GENEL KURUL KONUŞMASI
Konu: YENİ YOL Grubu önerisi münasebetiyle
Yasama Yılı:3
Birleşim:64
Tarih:11.03.2025

YENİ YOL GRUBU ADINA CEM AVŞAR (Tekirdağ) - Sayın Başkan, değerli milletvekilleri; Suriye'de, Lazkiye'de büyük bir katliam yaşanıyor. Binden fazla sivil insan inançları nedeniyle vahşice katledildi. Kadınlar, kızlar kaçırıldı, evler yağmalandı, araçlar yakıldı. İnsanlar sokak ortasında videoları çekilirken infaz edildi.
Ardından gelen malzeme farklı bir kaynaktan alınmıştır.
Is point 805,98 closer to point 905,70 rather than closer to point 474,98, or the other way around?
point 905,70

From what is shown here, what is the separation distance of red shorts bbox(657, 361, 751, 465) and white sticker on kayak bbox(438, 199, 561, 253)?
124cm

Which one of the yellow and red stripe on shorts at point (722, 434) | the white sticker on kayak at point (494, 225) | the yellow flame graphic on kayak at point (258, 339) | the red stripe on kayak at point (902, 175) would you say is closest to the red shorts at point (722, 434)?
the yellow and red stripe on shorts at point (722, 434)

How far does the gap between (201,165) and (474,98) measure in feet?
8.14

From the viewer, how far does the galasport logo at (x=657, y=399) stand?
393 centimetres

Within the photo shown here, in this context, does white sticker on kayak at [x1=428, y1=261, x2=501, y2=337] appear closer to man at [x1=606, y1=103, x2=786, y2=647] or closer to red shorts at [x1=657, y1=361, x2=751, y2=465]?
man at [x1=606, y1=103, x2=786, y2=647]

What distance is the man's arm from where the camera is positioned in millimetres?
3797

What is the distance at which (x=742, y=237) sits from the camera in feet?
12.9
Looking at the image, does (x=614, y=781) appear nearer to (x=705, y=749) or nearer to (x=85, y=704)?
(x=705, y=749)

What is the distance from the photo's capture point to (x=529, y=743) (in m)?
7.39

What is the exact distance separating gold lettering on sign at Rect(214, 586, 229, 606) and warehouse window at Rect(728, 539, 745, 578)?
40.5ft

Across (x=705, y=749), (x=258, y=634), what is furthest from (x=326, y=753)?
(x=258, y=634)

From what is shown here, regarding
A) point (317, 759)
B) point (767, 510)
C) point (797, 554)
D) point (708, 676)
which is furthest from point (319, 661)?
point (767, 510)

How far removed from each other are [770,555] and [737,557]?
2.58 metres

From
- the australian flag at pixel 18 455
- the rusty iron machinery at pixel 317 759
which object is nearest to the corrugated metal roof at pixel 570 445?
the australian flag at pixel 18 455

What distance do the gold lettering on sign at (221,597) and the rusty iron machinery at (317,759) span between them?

Bu, dünyanın gözleri önünde işlenmiş bir insanlık suçu. Uluslararası kuruluşların ve gözlemcilerin tespitlerine göre hatta Ahmed eş Şara'nın açıklamasına göre, kalkışma iddiası bahane edilerek siviller katledilmiş, Alevileri "katli vacip" olarak gören hastalıklı anlayışa sahip iç yapıların varlığı ve kontrol edilemediği ortaya çıkmıştır. Sivillere yönelik bu durum açıkça ortadayken biz hamisi olduğumuz yönetime şöyle bir ayar verilmesini beklerken ne duyuyoruz? "Şam yönetimi otorite inşa etmeye çalışıyor." "Esad artıkları var ama Esad zulmederken sesiniz çıkmıyordu." "Dış güçlerin oyunu." vesaire, vesaire. Bu yaklaşım, olayı geniş bir komplo teorisine yayarak sivil katliamın faillerini örtme ve mevcut yönetimin avukatlığına soyunma çabasıdır. Yapılan açıklamalar yaşanan zulmü kınamak yerine... Genelgeçer söylemlerle bu olay geçiştirilemez. Bu, Türkiye tarafından açıkça desteklenen bir yönetimin yaptıklarına karşı içeriğe dönük, çok yanlış bir tutum. Sivillere yönelik katliamların geçmişte Esad'ın şebbihalarının yaptıklarından hiçbir farkı yoktur. Bakın, "Esad zulmederken neredeydiniz?" lafının karşılığı yok çünkü niye? Partimde, grubumda bir tane Allah'ın kulu Esad zulmünün yanında durmamıştır. "Suriye'den, savaştan kaçıp bize sığınanları geri göndereceğiz." dememişimdir; uyumu tartışmışızdır, çözüm aramışızdır, siyaseten bu işin bedelini ödemişizdir çünkü biz inanıyoruz ki zalimliğin mezhebi, meşrebi, "senden"i, "benden"i olmaz; adalet ve vicdan kişiye, mezhebe, kimliğe göre değişmez. Ne diyor Hazreti Ali Efendimiz? "Zulüm iki türlüdür, biri zulmeden, diğeri zulme razı olan; ikisi de zalimdir." (YENİ YOL sıralarından alkışlar)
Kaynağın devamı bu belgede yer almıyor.